→ Dataset entries:
- - - -
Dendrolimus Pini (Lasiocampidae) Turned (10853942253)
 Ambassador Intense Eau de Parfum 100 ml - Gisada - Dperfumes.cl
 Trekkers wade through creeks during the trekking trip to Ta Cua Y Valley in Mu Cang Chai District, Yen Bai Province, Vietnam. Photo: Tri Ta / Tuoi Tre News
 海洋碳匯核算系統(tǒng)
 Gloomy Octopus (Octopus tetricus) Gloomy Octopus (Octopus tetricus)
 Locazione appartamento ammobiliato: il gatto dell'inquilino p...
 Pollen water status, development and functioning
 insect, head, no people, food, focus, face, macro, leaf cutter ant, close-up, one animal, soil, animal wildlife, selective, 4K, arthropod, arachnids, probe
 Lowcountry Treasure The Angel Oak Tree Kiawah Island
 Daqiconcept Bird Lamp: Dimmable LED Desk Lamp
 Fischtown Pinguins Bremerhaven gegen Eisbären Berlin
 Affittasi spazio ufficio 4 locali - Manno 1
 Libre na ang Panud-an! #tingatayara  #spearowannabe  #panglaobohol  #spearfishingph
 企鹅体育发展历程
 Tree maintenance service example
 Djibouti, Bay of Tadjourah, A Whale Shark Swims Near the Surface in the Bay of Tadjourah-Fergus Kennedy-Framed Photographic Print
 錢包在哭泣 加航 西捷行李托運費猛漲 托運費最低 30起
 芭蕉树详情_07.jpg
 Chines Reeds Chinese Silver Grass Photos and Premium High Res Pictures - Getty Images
- - - -
All of the records are to be reproduced exactly as they were given.

Dendrolimus Pini (Lasiocampidae) Turned (10853942253)
 Ambassador Intense Eau de Parfum 100 ml - Gisada - Dperfumes.cl
 Trekkers wade through creeks during the trekking trip to Ta Cua Y Valley in Mu Cang Chai District, Yen Bai Province, Vietnam. Photo: Tri Ta / Tuoi Tre News
 海洋碳匯核算系統(tǒng)
 Gloomy Octopus (Octopus tetricus) Gloomy Octopus (Octopus tetricus)
 Locazione appartamento ammobiliato: il gatto dell'inquilino p...
 Pollen water status, development and functioning
 insect, head, no people, food, focus, face, macro, leaf cutter ant, close-up, one animal, soil, animal wildlife, selective, 4K, arthropod, arachnids, probe
 Lowcountry Treasure The Angel Oak Tree Kiawah Island
 Daqiconcept Bird Lamp: Dimmable LED Desk Lamp
 Fischtown Pinguins Bremerhaven gegen Eisbären Berlin
 Affittasi spazio ufficio 4 locali - Manno 1
 Libre na ang Panud-an! #tingatayara  #spearowannabe  #panglaobohol  #spearfishingph
 企鹅体育发展历程
 Tree maintenance service example
 Djibouti, Bay of Tadjourah, A Whale Shark Swims Near the Surface in the Bay of Tadjourah-Fergus Kennedy-Framed Photographic Print
 錢包在哭泣 加航 西捷行李托運費猛漲 托運費最低 30起
 芭蕉树详情_07.jpg
 Chines Reeds Chinese Silver Grass Photos and Premium High Res Pictures - Getty Images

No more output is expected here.